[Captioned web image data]
========

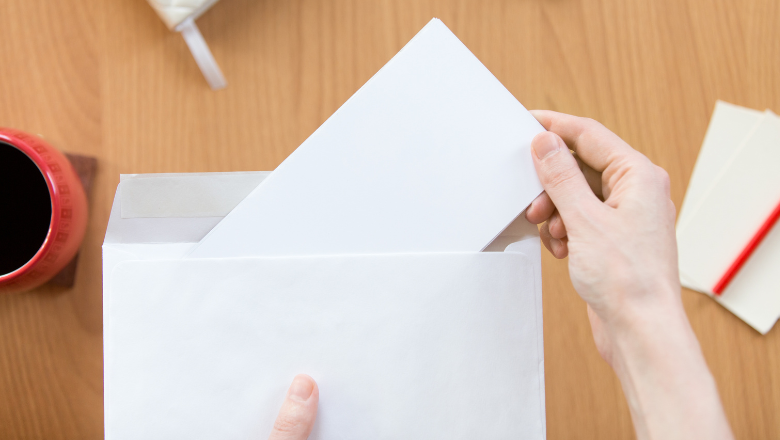 Hand steckt ein Dokument in einen Briefumschlag – stellvertretend für die Kommunikation mit dem Finanzamt zur Steuernummer und Steuer-ID.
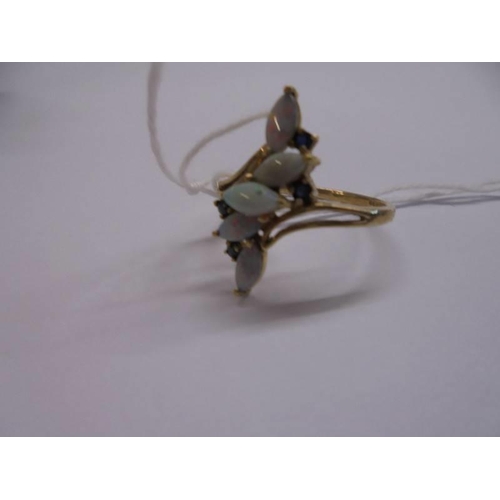 1020 - A 9ct gold ring set five opals, size R, 3 grams.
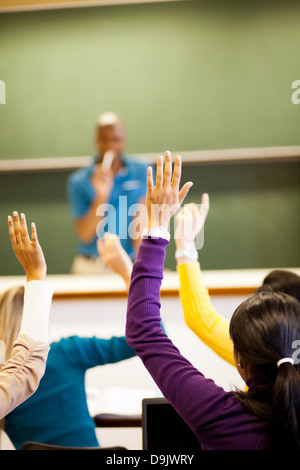 Gruppo di studenti le braccia in alto in aula Foto Stock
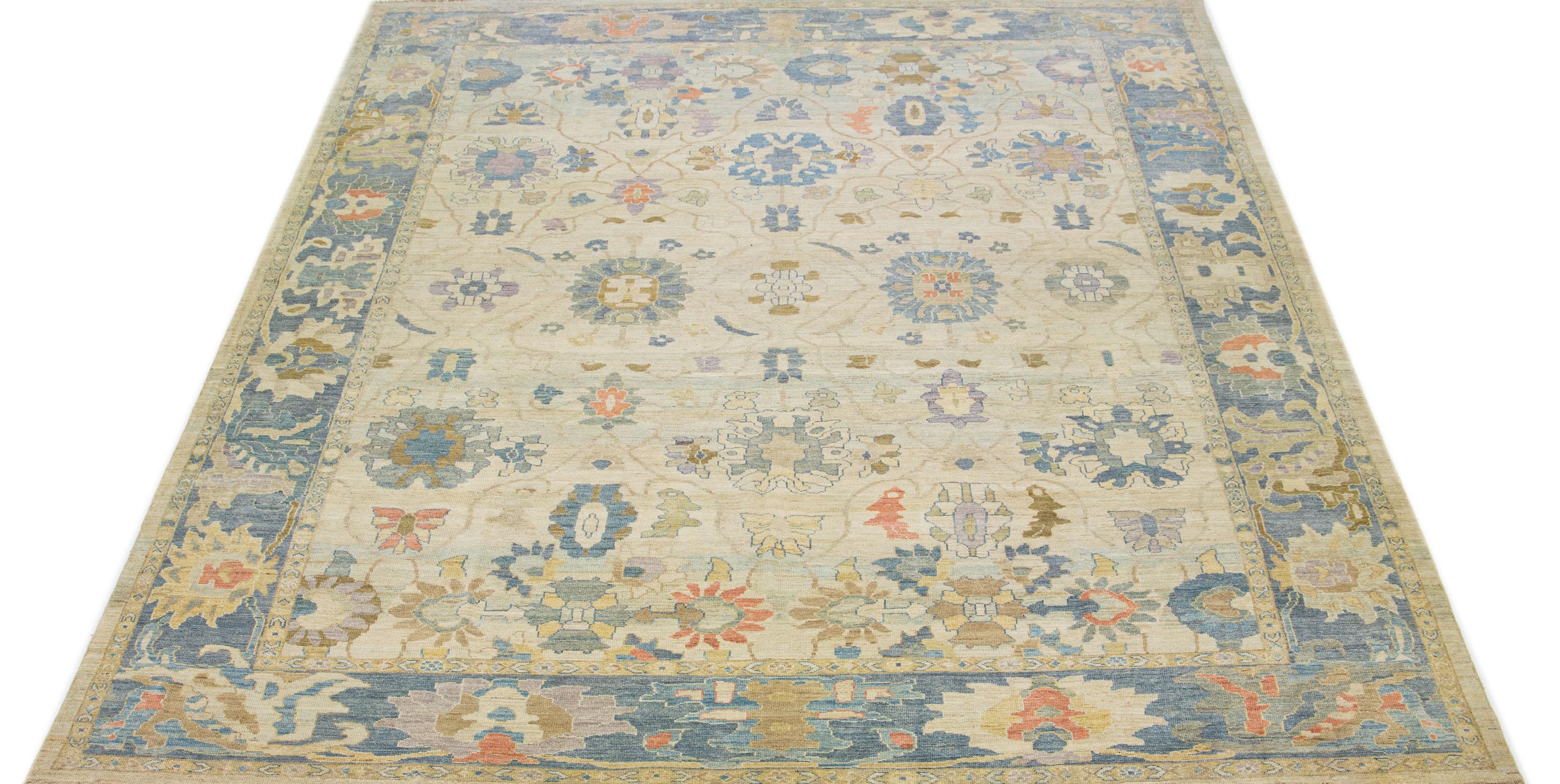 Beautiful modern Sultanabad hand-knotted wool rug with a beige color field. This rug has a navy blue-designed frame with multicolor accents in a gorgeous all-over floral motif.

This rug measures 12'5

========

Work to be completed:
Above are the records. Copy exactly, and only, the lines from the line containing "Beautiful modern Sultanabad" through the last one, omitting any pictures.

The answer:
 Beautiful modern Sultanabad hand-knotted wool rug with a beige color field. This rug has a navy blue-designed frame with multicolor accents in a gorgeous all-over floral motif.

This rug measures 12'5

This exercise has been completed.